Assignment →
Print only the lines below, from the very first to the one containing "Family in Little", exactly as they stand. Do not print pictures.

The input →

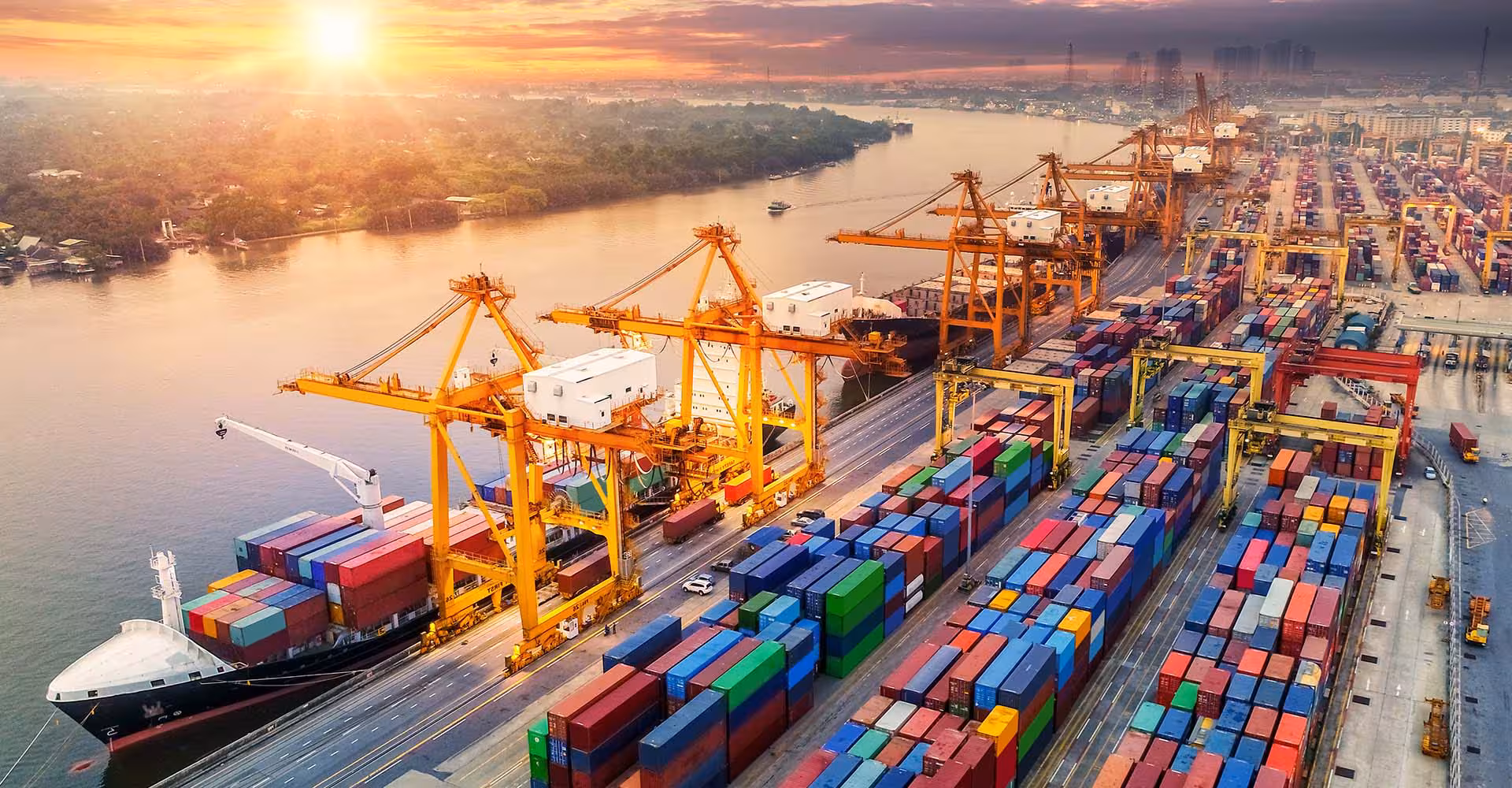 Large docks at sunset with ships and containers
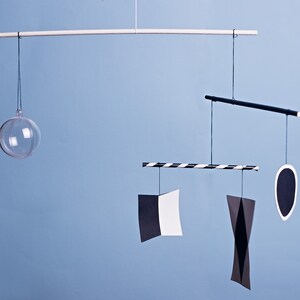 Montessori Munari mobile - black and white baby mobile hanging in front of a blue background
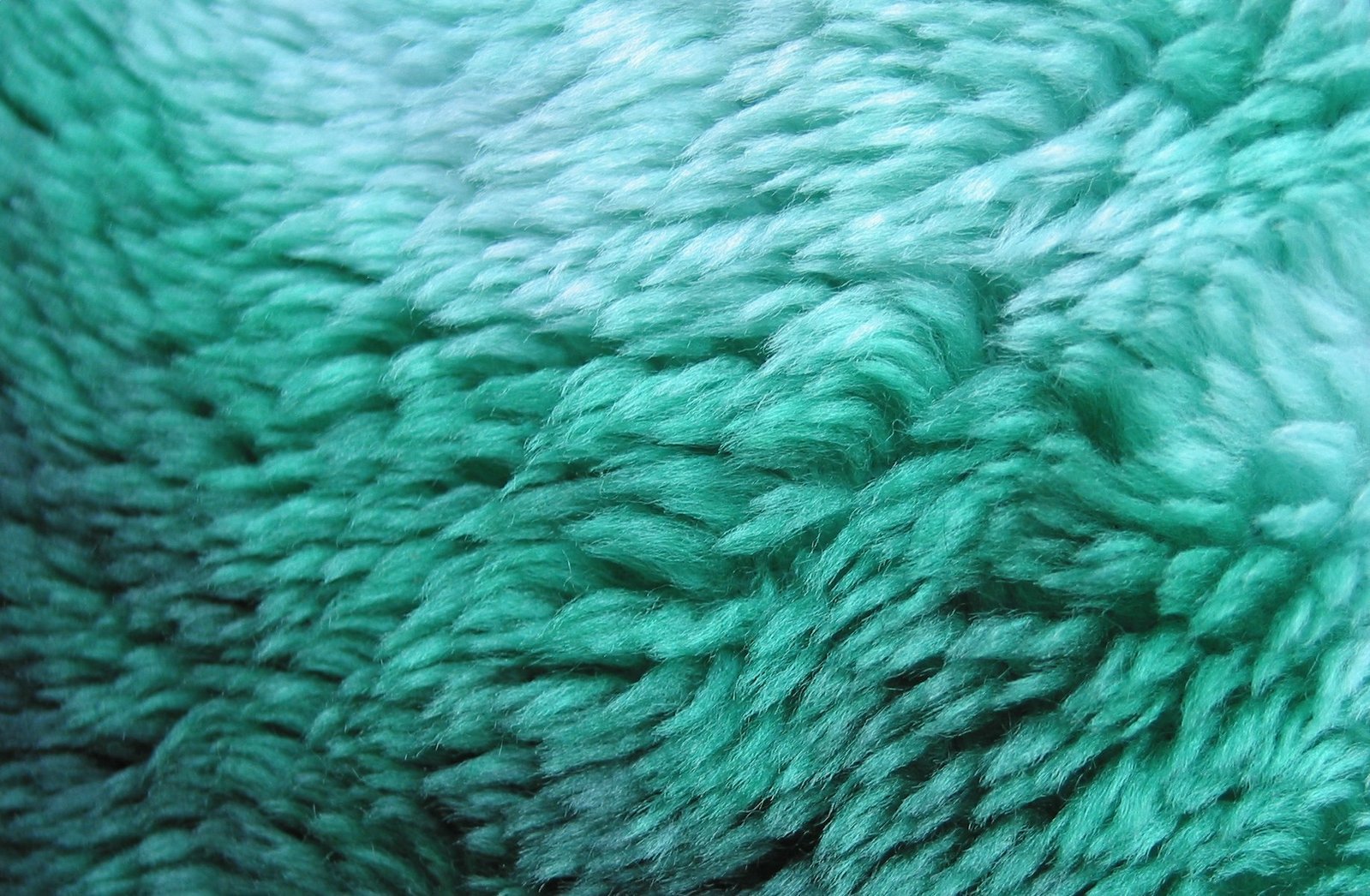 very fuzzy and soft teal green material in full view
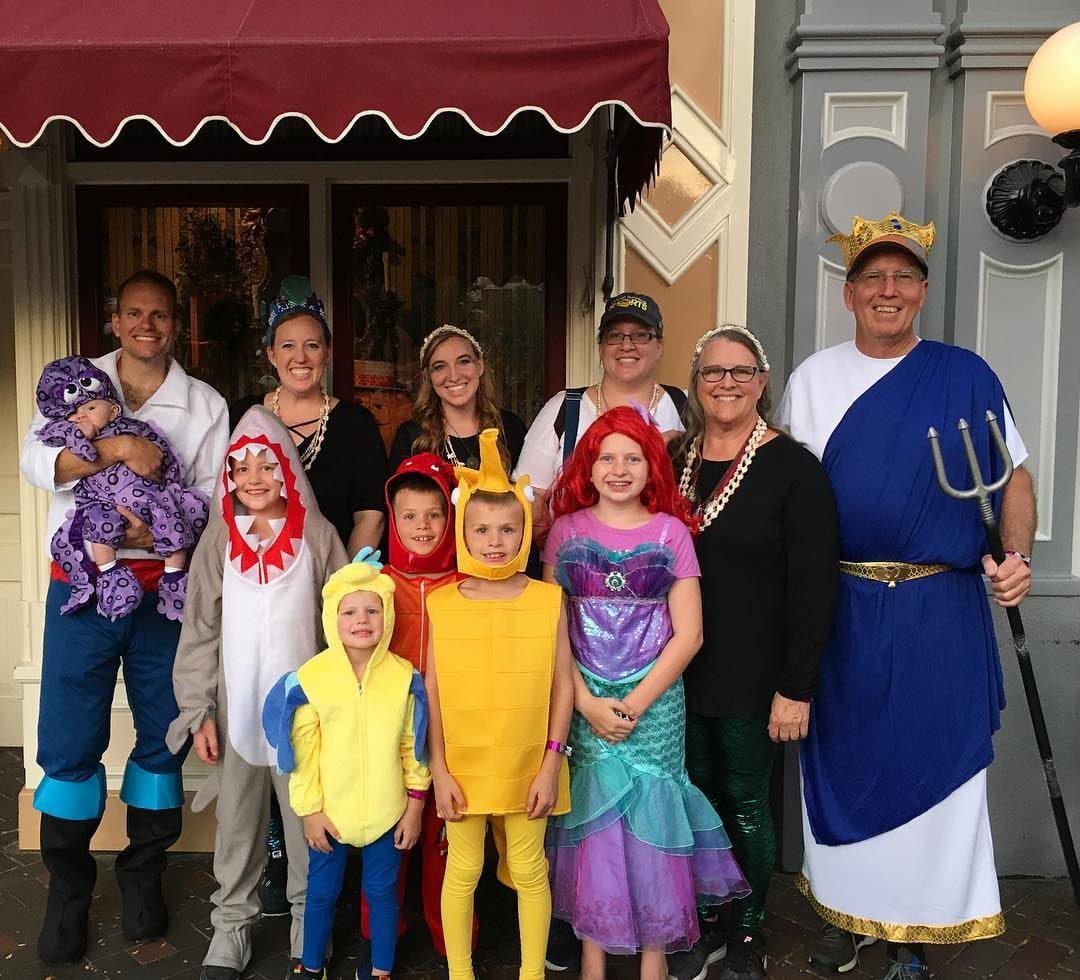 Family in Little Mermaid costumes including a baby fish and King Triton.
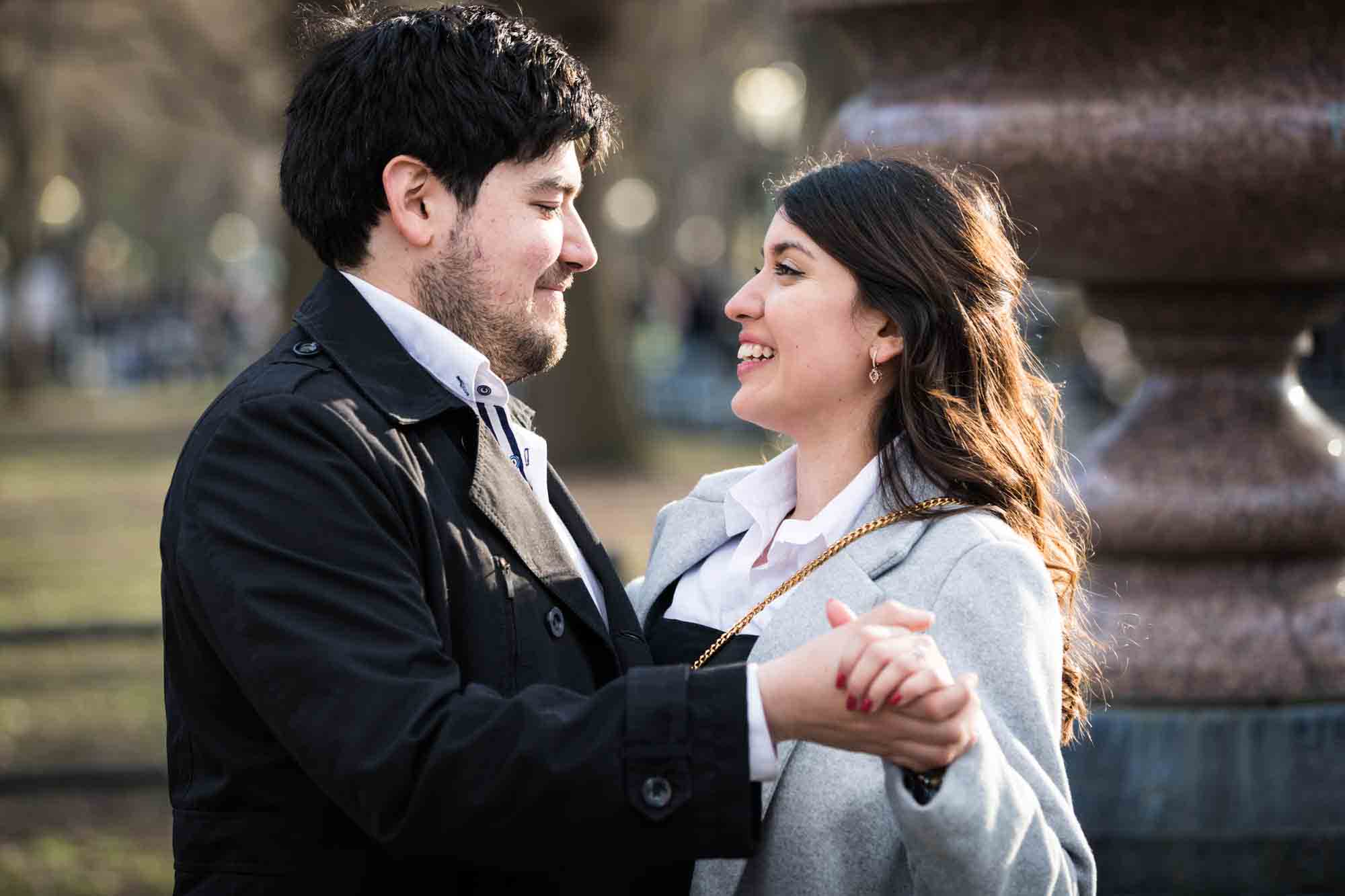 Couple dancing in park during a Central Park surprise proposal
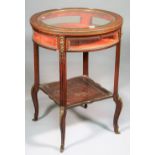 A Louis XVI style gilt metal mounted mahogany vertu table,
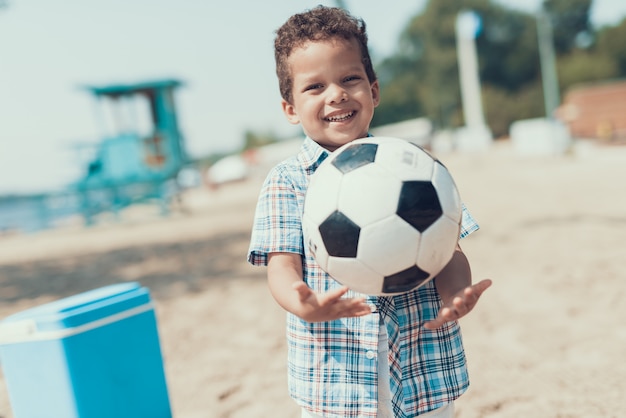 Afro-American Little Boy is Resting on the Beach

Response →
 Large docks at sunset with ships and containers
 Montessori Munari mobile - black and white baby mobile hanging in front of a blue background
 very fuzzy and soft teal green material in full view
 Family in Little Mermaid costumes including a baby fish and King Triton.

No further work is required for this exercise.